Ces dernières peuvent prendre la forme de prises de contrôle capitalistique, avec, en creux, le risque d’une délocalisation de savoir-faire. Ce que l’on appelle le « Lawfare », c’est-à-dire l’instrumentalisation du droit à des fins stratégiques, fait aussi partie du mode opératoire de certains pays – notamment les États-Unis et la Chine – pour contraindre des entreprises de la BITD.

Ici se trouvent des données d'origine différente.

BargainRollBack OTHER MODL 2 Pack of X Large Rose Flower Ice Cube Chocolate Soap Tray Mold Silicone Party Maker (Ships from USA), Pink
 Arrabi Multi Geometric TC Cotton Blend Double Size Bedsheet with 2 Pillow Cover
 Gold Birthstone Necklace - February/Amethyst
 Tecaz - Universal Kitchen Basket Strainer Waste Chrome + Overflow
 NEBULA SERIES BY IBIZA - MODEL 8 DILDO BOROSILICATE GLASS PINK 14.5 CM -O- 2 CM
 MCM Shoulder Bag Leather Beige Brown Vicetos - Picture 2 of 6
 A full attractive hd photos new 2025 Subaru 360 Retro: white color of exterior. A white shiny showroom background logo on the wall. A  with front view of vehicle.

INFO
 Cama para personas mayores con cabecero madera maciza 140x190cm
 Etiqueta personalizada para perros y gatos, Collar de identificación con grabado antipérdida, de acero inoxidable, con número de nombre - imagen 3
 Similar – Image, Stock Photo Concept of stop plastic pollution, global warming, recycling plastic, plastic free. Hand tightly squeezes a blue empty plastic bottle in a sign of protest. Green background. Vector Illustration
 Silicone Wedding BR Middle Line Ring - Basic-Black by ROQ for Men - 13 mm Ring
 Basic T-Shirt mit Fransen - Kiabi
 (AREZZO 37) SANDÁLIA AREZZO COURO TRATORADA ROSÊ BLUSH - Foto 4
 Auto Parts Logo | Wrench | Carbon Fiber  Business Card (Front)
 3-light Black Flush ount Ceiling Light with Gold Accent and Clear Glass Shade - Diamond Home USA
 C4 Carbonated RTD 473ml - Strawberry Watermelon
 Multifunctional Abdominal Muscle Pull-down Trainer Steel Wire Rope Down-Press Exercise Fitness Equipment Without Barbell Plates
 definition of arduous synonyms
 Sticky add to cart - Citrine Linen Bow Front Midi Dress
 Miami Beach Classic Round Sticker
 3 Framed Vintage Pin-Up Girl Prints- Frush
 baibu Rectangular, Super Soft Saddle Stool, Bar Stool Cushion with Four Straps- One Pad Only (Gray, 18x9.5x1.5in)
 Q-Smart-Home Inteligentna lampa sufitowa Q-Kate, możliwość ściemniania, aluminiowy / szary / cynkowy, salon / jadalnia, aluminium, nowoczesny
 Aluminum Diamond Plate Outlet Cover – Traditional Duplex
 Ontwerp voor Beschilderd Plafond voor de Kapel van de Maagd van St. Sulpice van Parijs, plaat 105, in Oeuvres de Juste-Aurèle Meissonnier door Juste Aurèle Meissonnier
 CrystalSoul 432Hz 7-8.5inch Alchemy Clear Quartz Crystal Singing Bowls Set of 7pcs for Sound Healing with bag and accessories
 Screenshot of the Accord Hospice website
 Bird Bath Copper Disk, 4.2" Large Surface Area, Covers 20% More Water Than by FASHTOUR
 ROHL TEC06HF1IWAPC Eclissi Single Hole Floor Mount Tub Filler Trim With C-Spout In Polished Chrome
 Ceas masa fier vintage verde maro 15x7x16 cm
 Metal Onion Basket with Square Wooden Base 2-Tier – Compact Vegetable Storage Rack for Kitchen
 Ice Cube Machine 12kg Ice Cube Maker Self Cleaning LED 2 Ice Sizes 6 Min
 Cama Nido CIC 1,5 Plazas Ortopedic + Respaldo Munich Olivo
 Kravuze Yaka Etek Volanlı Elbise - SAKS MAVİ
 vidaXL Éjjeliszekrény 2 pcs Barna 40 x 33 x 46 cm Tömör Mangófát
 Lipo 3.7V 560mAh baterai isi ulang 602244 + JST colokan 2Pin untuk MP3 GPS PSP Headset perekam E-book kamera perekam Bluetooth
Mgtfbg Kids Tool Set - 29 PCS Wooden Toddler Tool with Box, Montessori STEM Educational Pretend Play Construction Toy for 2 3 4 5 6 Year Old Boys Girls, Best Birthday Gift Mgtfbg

« Quand une réglementation comme [l’ITAR] permet aux autorités d’un État, dès lors qu’un produit vendu dans un autre pays contient un composant fabriqué sur son sol, de vérifier si la vente est conforme aux règles qu’il a édictées, il peut s’agir d’une forme d’ingérence, selon la façon dont c’est appliqué. C’est ce que font les Américains depuis plusieurs années, mais aussi les Chinois : ceux-ci ont copié, dans l’esprit, le Patriot Act américain et, profitant de leur puissance économique, essaient de s’ingérer dans les économies étrangères », avait ainsi expliqué Stéphane Bouillon, le Secrétaire général de la défense et de la sécurité nationale, dans un récent rapport parlementaire.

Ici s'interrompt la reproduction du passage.